When I bought Ribbons and Sparks, I read the manuals and, particularly with Sparks, thought, “this is a complicated pedal.” But then I was surprised to find I could pick both up pretty darn immediately and they’ve become huge mainstays for me. I’ve had the opposite experience with Ghosts, which appears very simple but… I am having a really hard time getting the sounds I want out of it? I’ve seen demos with really great sounds, but I feel like I’m not doing something right and what I’m getting is often either muddy or thin and indistinct. I’d love to hear tips from people who have mastered this one, particularly about decay times and mix. I will say that, being primarily a synth player, I’m maybe realizing that synth is not the right application for it (since synths have a lot of resonance control already) and I’m guessing it’ll shine much more on guitar, vox, and drums.
yea synths might not be the best instrument for playing Ghosts as a resonator, unless you’re playing very plucky synth lines or more atonal textural stuff (like actual noise). Ghosts provides harmonic density: if the source material is very rich or has a long decay, it gets muddy fast.
I think about Ghosts as an actual synth and as a vocoder for material that isn’t primarily tonal.
I mostly use it as a microtonal synth: I find the air exciter a little inflexible but different enough from the pluck/strike exciter to make some really interesting ambient textures in conjunction with the plucked stuff. Getting into the microtonal/just intonation world is a really fun rabbit hole with it. I’m sure Jaak is inundated with keeping up with stock, but there is apparently velocity already in the coding: it just needs to be turned on as a possible midi command. I imagine that more additions will be made to its synth abilities.

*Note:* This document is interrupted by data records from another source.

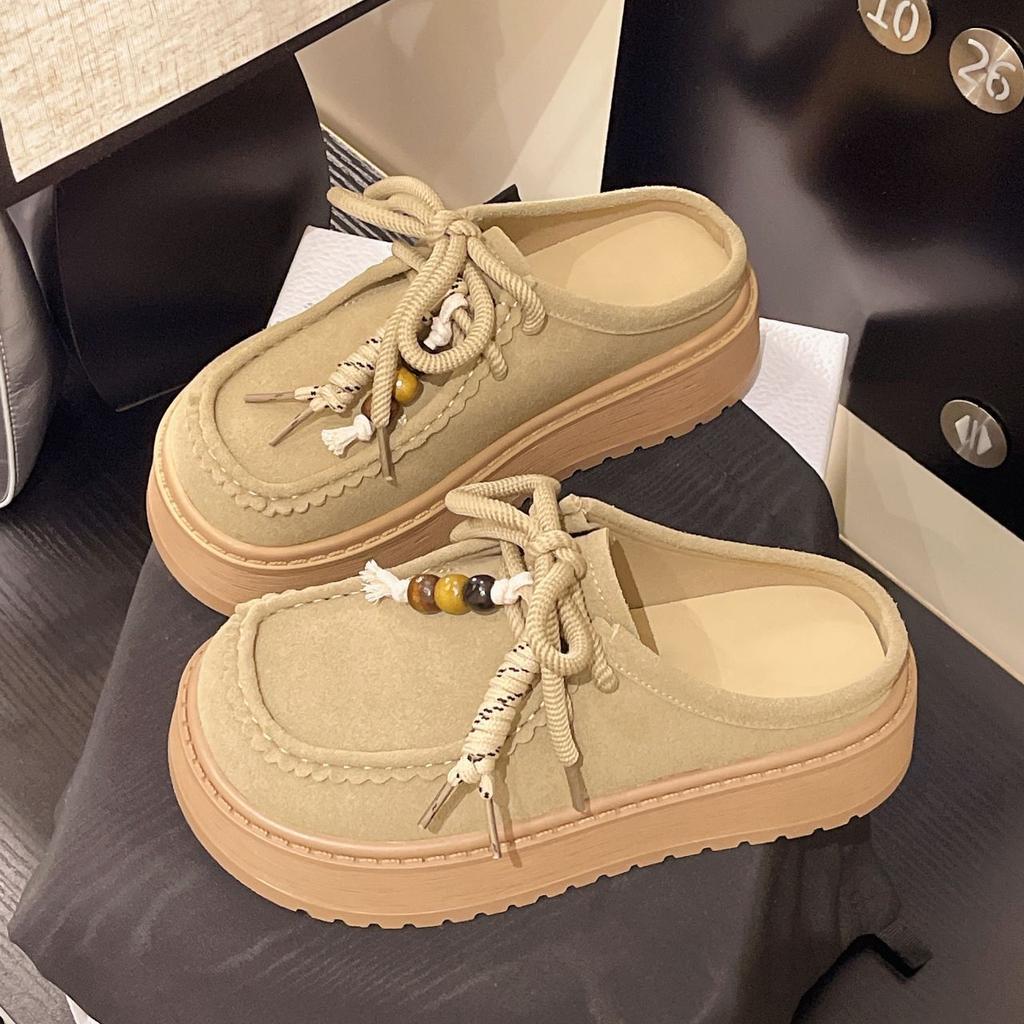 Fashion Thick-soled Heightening Bag Head Beaded Lace-up Shoes Women's Spring and Summer 2025 New Retro Bag Head Half Slippers Women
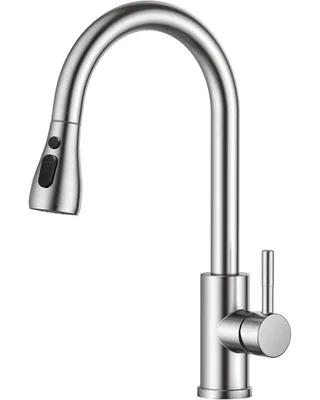 Produktbild von Küchenarmatur Wasserhahn Hochdruck ausziehbare Brause 360° schwenkbar Edelstahl G3/8 2 Strahlarten Silber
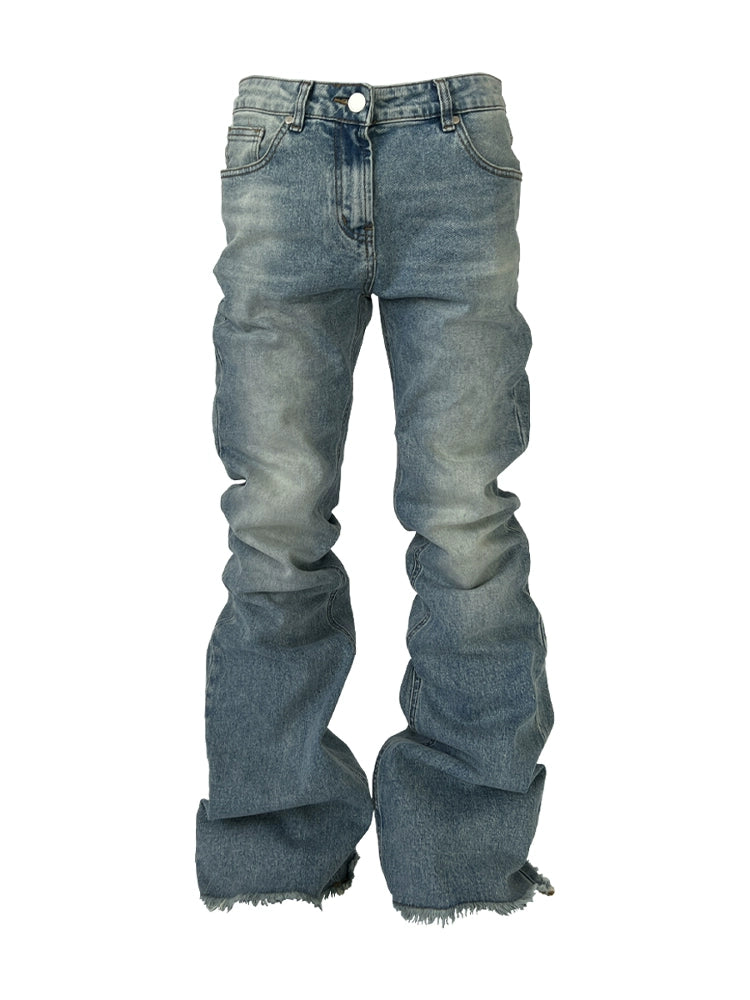 KARMANISTIC Cutoff Washed Flared Jeans | Face 3 Face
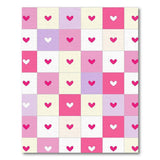 Pastel Pink Hearts Patchwork Area Rug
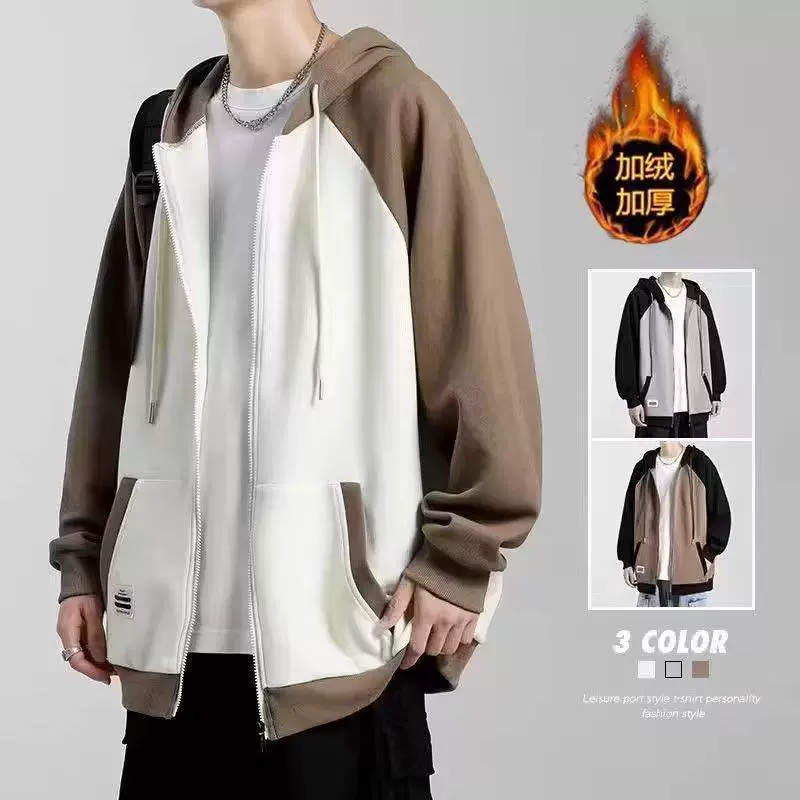 2024 куртка мужской ретро весна осень с капюшоном моды свитер свободный повседневный двухцветный сшитый плюс флисовая куртка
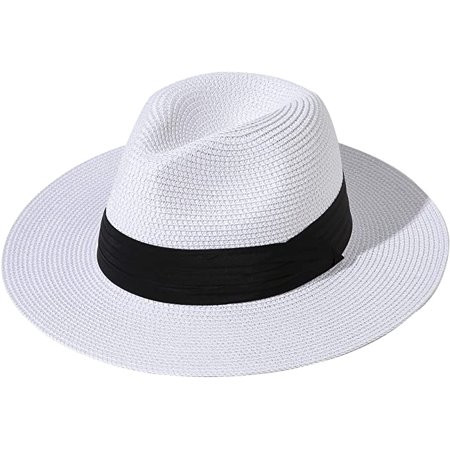Lanzom Women Wide Brim Straw Panama Roll up Hat Fedora Beach Sun Hat UPF50+ | Walmart (US)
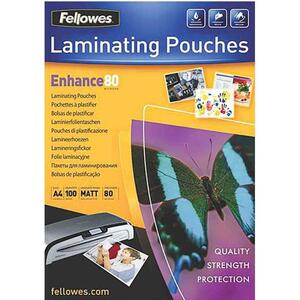 Folija za plastificiranje 80my A4 mat pk100 Fellowes 5452103, 000022070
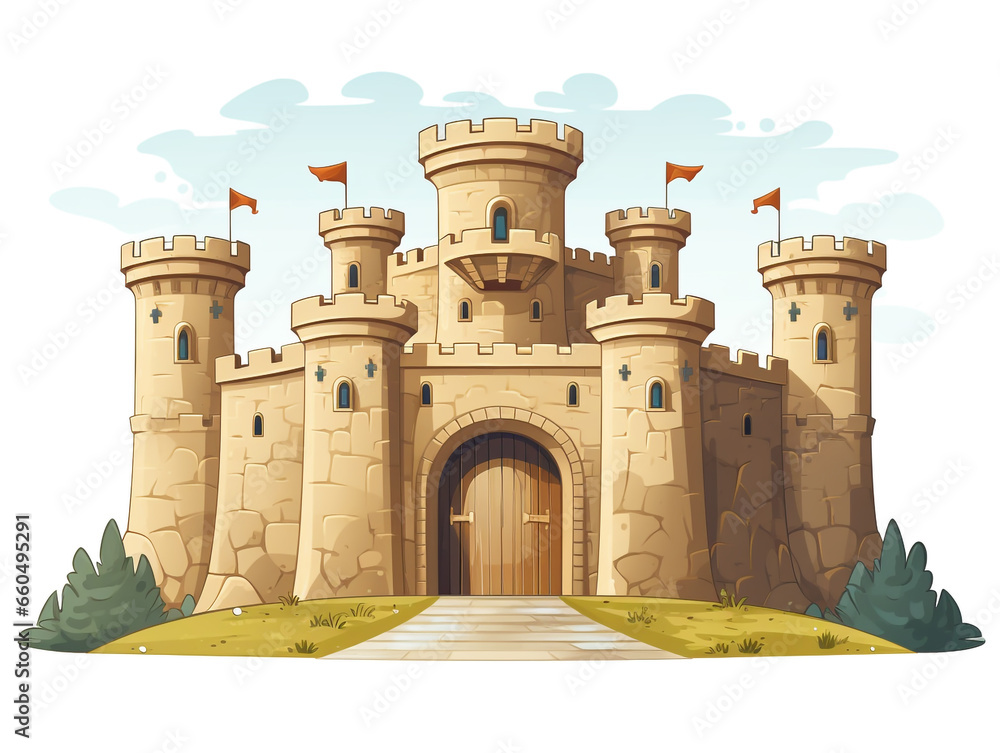 A medieval castle. It is located on a hill and there is a green landscape around it. Front elevation view. 2D flat illustration image. A medieval castle. It is located on a hill and there is a green landscape around it. Front elevation view. 2D flat illustration image.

Also, I love feeding it straight noise from my Roger That! This is actually my favorite usage, making atonal material tonal. I think the piezo touch pad is fun as well.
Regarding the actual tone, when I play it as a synth, I almost always keep the tone below noon and I play pipes and bars mostly. This sound is surprisingly thick. For me, the high tone settings also sound thin.
I say just try random things. It’s very flexible but there are also clear rules with how to play with it that kind of can’t be crossed.
I found myself using Ghosts primarily… as a synth itself). I’ve had most fun using it with a sequencer or a MIDI keyboard, when resonnators are excited with MIDI notes.
It produces a much more predictable and “clean” sound. I realize it’s a bit of a “shortcut” in that I am not using probably the most unique feature of Ghosts - its ability to process the incoming audio signal and excite the resonnators by the harmonic content of it, which is a much more delicate task and requires much steeper learning curve.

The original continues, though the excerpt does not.